Despite the loss of some giants whose support Taiwan relied on for a solid congressional backbone, the US Congress will remain as strongly pro-Taiwan, if not more so, when it reconvenes next January, Washington observers say.
The vast majority of Taiwan's best friends in Congress easily won reelection and some new pro-Taipei members may more than offset the losses, they say.
"I'm going to sleep like a baby tonight," said Coen Blaauw, the executive director of the Formosan Association of Public Affairs (FAPA), just before the polls closed.
The surprising Republican takeover of the Senate is likely to work in Taiwan's favor, especially in view of the Bush administration's favorable policy toward Taipei.
"The administration will have more flexibility with a Republican Senate than without one," notes John Tkacik, Asian research fellow at the Heritage Foundation.
"If the administration is pro-Taiwan and has a Republican Senate, that enhances the administration's broader foreign policy, of which Taiwan is a part," Tkacik said.
The switch will also mean a sweeping shift in power of Senate committees. In the Foreign Relations Committee, Senator Richard Lugar is expected to be named chairman, replacing Joseph Biden, who was definitely cool to Taiwan issues.
While Lugar is not as supportive of Taiwan as Jesse Helms, who held the chairmanship until the summer of 2001, Lugar is "better than Biden," one observer noted.
Lugar is described by one congressional observer as "reasonably pro-Taiwan, not a fervent anti-Communist."

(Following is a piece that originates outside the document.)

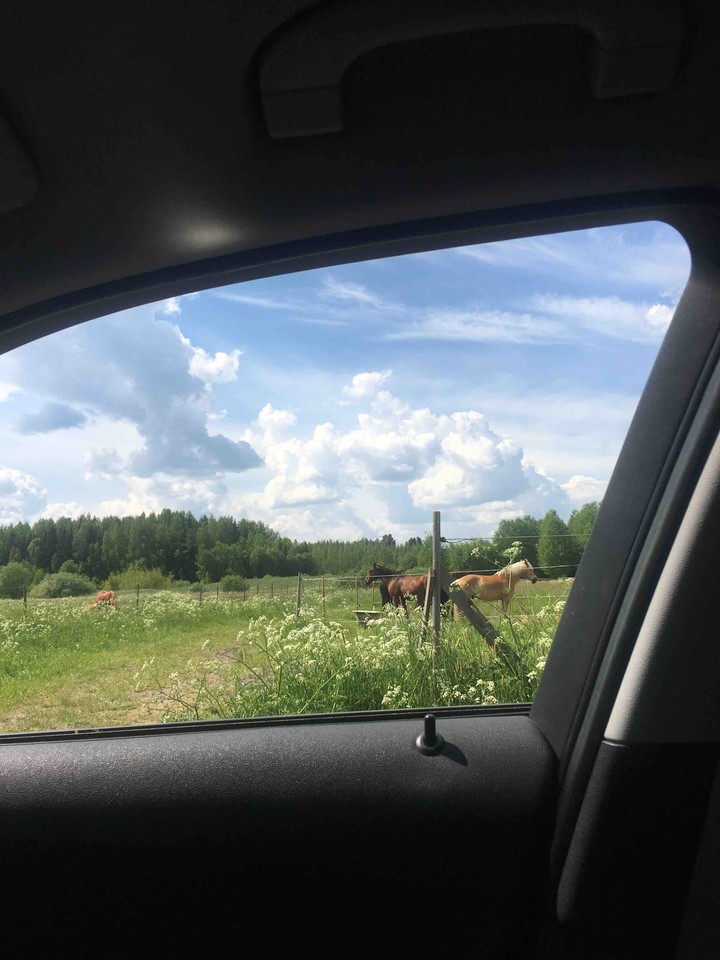 horses on the field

In the House, the four co-chairmen of the Congressional Taiwan Caucus, which was formed last spring, all won re-election. Virtually all of the caucus' 117 members who sought reelection won.
Benjamin Gilman, who long championed Taiwan causes as chairman of the House International Relations Committee, decided not to seek reelection, as did Helms.
Other losses include Frank Murkowski of Alaska, who ran for governor of his state and won, and Democrat Robert Torricelli, who retired from the Senate.
Nevertheless, Congress will remain solidly supportive of Taiwan issues, said Blaauw.
"I think there is unanimous support for Taiwan in both houses," he said.
However, he and other supporters of Taiwan are looking for something more.
"We are looking at people who are willing to go the extra mile for Taiwan," he says.
Among the pluses, Blaauw says, are the likely elevation of Republican Dana Rohrabacher to the chairmanship of the House International Affairs Committee subcommittee on East Asia and the Pacific. Rohrabacher is the "prima donna in US-Taiwan relations," Blaauw says.
Committee chairman Jim Leach is expected to take over the Middle East subcommittee from Gilman.
The election of Elizabeth Dole to replace Helms in the Senate represented a potentially important advance for Taiwan's interests.
Dole's husband, former Senate leader Bob Dole, is one of Taiwan's leading advocates in Washington, having become the top lobbyist for the Taipei Economic and Cultural Relations Office after his 1996 presidential defeat.
It is expected that his wife will maintain that allegiance. It will also continue what one observer called the "Traditional Helms-Dole North Carolina commitment to Taiwan."
Also cheering the Taiwan camp were the easy reelection of such earlier uncertainties as Taiwan-born Oregon Democrat David Wu, and Ohio Democrat Sherwood Brown, the author of annual resolutions pledging US support for Taiwan's role in the World Health Organization.